Q: In what language was the Bible Jesus read?
A: If, as most scholars today believe, Jesus spoke primarily in Aramaic, though he sometimes might have also used Greek and perhaps even Hebrew, what Bible was he likely to have read and heard read in the synagogue? The answer is that he likely heard Scripture read in Hebrew and occasionally in Greek, and then paraphrased and interpreted in Aramaic. How much of this paraphrase was actually written down in Jesus' day is difficult to tell. It is probably safer to assume that most of this Aramaic tradition circulated orally and only generations later was committed to writing.
The Dead Sea Scrolls—a collection of biblical and other texts from around the first century—have shown that our Old Testament existed in several forms at the time of Jesus.
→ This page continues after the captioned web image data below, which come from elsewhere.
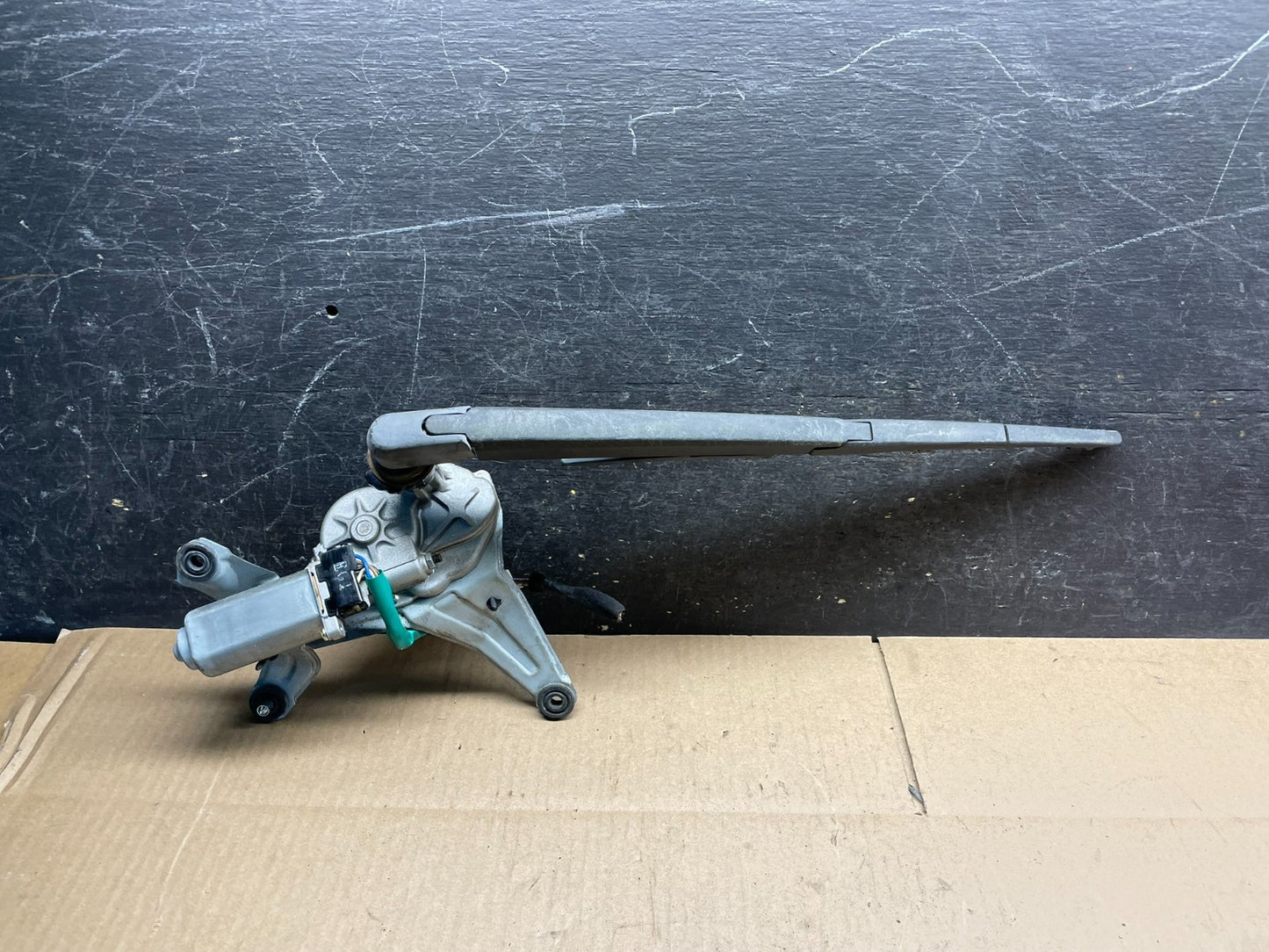 2007 - 2010 Hyundai Santa Fe Rear Glass Windshield Wiper Motor V9076 DG0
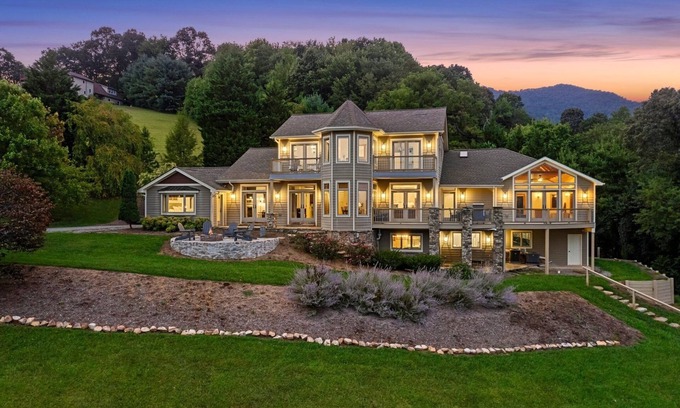 Clyde House | Blue Mountain View by Carolina Mornings | Fire Pit, Hot Tub🚣‍♂️+Biltmore Pass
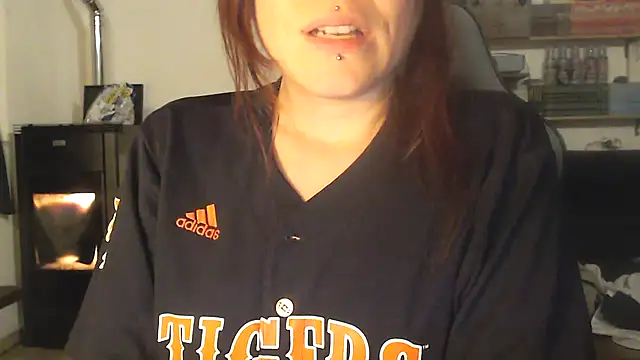 Snapshot of complicata_mente chatting on January 2025 08:48:02 PM complicata mente online show from January 2025 08:48:02 PM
There could have been as many as four Hebrew-language versions: one that lies behind the Hebrew text of the Bible that Christians and Jews use today (the Masoretic Text); a second that lies behind the Greek translation of the Old Testament, which is called the Septuagint, or LXX (and is the Old Testament of the Orthodox churches today); a third distinctive Hebrew version of the Pentateuch (the first five books of our Old Testament) used by the Samaritans; and a fourth version scholars did not know existed until the discovery of the Dead Sea Scrolls 50 years ago.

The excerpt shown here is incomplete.